The 317th Platoon (La 317ème section) is a 1965 French black-and-white war film set during the First Indochina War (1946–54) written and directed by Pierre Schoendoerffer. The film was based on Schoendoerffer's 1963 novel of the same name.

==Plot==
In 1954 while the Battle of Dien Bien Phu is being fought, the 317th Platoon, composed of Laotian suppletive troops, a French officer and several NCOs, is ordered to go to the Tao-Tsai post in North Cambodia. From there it hopes to reach friendly ground and evacuation towards Kratieh on the Mekong.

The leaders of the platoon are the fresh Second-Lieutenant Torrens and Warrant Officer (Adjudant) Willsdorff, a highly experienced soldier who is in his third turn in Indochina. Willsdorff is an Alsatian who was incorporated by force in the German Wehrmacht and fought on the Russian front.

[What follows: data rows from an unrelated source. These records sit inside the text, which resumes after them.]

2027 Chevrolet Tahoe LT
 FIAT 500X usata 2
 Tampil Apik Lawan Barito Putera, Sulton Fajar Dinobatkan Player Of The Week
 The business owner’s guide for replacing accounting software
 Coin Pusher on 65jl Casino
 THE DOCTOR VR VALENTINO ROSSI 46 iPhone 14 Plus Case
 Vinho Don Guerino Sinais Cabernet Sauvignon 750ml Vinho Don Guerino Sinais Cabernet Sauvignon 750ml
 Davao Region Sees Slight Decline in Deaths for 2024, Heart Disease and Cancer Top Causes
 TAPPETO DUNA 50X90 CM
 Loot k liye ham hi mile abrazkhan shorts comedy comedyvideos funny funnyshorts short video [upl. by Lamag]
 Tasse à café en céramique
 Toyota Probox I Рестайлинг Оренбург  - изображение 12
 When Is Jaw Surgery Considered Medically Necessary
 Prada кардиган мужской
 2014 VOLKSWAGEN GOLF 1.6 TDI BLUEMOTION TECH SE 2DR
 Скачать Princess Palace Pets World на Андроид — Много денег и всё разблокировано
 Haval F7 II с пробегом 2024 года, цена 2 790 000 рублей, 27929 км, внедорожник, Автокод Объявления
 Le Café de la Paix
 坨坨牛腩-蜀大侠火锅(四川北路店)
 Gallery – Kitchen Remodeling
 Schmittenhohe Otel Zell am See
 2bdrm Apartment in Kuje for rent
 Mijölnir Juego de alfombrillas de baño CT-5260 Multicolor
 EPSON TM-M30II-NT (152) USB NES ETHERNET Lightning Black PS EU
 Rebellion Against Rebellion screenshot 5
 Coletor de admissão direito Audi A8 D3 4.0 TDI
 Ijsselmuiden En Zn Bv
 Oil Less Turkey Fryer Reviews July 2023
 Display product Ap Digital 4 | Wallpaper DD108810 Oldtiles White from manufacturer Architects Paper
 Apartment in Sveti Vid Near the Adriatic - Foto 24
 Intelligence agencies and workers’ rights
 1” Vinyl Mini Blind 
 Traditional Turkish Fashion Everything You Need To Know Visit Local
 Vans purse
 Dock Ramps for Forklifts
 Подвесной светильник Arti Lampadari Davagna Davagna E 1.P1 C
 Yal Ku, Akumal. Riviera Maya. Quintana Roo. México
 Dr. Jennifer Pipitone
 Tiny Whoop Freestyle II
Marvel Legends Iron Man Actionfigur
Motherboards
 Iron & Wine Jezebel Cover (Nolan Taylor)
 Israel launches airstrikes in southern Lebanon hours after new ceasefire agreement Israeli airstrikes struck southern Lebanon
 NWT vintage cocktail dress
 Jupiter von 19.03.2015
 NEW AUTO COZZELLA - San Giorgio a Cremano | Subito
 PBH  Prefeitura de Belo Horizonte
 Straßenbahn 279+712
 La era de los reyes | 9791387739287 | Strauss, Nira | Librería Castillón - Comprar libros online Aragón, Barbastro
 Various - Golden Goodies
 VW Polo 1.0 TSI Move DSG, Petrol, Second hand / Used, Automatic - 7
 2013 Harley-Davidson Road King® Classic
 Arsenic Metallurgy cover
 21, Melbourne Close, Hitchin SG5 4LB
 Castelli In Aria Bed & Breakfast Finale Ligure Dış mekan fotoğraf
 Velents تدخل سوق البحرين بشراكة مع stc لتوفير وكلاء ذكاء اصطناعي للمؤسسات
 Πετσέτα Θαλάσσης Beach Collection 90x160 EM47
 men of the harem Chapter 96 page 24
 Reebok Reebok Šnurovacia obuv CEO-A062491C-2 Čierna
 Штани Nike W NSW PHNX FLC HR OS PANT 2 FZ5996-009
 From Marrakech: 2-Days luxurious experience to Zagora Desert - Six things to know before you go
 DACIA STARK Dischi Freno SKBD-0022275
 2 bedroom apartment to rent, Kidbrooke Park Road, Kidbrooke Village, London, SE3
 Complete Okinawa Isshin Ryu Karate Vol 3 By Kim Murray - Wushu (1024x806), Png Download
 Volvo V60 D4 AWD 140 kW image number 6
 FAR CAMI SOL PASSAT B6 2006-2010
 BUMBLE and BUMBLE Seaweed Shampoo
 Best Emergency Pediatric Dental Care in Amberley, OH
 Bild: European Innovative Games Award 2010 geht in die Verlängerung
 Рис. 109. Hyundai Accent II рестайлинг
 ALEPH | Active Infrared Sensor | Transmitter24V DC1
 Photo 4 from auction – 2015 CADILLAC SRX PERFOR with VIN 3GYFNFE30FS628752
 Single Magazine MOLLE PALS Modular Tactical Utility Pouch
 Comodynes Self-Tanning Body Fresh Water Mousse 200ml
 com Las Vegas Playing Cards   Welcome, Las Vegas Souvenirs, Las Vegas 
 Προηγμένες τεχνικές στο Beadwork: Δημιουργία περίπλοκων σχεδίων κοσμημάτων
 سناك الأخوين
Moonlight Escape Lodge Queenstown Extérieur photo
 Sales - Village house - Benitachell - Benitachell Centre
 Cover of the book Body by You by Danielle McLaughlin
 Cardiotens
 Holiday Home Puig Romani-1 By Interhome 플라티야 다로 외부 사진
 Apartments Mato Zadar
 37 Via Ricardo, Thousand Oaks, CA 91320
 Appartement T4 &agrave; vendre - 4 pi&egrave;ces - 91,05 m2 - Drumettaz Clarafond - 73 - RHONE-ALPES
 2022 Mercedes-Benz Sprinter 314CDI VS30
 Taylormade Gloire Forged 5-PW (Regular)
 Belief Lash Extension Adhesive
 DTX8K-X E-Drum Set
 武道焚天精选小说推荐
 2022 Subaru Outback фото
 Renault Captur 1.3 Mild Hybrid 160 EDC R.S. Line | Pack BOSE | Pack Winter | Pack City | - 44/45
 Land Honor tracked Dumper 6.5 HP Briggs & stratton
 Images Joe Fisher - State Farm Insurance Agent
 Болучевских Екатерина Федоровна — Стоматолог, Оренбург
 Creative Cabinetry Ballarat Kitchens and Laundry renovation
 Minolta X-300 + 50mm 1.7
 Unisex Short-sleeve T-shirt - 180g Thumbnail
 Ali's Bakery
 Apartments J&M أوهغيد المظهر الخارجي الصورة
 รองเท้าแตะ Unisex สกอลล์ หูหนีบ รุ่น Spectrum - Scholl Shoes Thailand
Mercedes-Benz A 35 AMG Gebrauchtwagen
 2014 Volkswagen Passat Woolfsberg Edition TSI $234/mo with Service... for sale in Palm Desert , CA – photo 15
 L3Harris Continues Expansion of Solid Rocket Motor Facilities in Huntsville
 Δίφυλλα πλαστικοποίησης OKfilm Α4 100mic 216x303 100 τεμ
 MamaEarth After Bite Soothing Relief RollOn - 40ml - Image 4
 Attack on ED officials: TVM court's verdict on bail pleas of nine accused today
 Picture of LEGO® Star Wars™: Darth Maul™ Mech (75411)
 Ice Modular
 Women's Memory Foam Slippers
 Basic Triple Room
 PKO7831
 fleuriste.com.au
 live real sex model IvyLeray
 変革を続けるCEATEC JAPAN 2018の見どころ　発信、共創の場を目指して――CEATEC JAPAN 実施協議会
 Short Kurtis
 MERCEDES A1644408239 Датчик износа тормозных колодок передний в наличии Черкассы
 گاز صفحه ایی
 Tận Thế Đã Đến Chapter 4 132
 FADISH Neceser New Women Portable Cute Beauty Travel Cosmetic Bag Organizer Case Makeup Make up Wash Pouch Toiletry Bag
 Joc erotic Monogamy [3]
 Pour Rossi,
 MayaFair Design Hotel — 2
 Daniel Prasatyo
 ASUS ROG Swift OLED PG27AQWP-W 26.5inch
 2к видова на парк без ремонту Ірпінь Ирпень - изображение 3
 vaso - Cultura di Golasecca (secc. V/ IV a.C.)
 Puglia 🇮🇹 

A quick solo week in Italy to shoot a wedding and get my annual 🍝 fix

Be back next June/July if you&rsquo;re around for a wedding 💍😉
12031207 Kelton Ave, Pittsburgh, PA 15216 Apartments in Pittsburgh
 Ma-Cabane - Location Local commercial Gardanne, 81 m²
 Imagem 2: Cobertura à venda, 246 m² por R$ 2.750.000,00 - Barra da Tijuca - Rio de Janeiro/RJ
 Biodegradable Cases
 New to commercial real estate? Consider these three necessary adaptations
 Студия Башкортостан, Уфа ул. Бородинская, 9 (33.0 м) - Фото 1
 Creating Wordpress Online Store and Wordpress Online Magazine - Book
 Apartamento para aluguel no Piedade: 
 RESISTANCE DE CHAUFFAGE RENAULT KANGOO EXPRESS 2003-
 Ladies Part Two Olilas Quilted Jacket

One of the NCOs Sergeant Roudier is mortally wounded in an early encounter set off unnecessarily by his officer's verve. The Laotian troops place their trust in cautious Willsdorff who knows the ropes and leads hardly by proxy through the marshes and tropical forests of Cambodia.

Meager supplies are parachuted to the platoon by a friendly plane but part of the load is dropped into enemy lines. Fatality strikes and Lt Torrens eventually dies. Willsdorf leaves him to take refuge with mountain tribes.

==Cast==
- Jacques Perrin as 2nd Lt Torrens
- Bruno Cremer as L'adjudant Willsdorf
- Pierre Fabre as Sgt Roudier
- Manuel Zarzo as caporal Perrin, radio operator
- Boramy Tioulong as sergent supplétif Ba Kut

==Production==
Pierre Schoendoerffer had been a POW in Vietnam following the French defeat at the Battle of Dien Bien Phu.

The film was shot with a crew of six in the middle of a Cambodian forest during the rainy season. Praised for its realism less than a decade after the actual event, French military routine, drills and jargon are accurately depicted. "I imposed a strict military regime on everyone," Schoendoerffer said. "A war film shouldn't be made in comfort."

==Reception==
It was entered into the 1965 Cannes Film Festival where it won the award for Best Screenplay. It was the 21st most popular film at the French box office in 1965.

==Legacy==
In 2018, military historian Sir Antony Beevor named The 317th Platoon as "the greatest war movie ever made", "followed closely by 1966's The Battle of Algiers".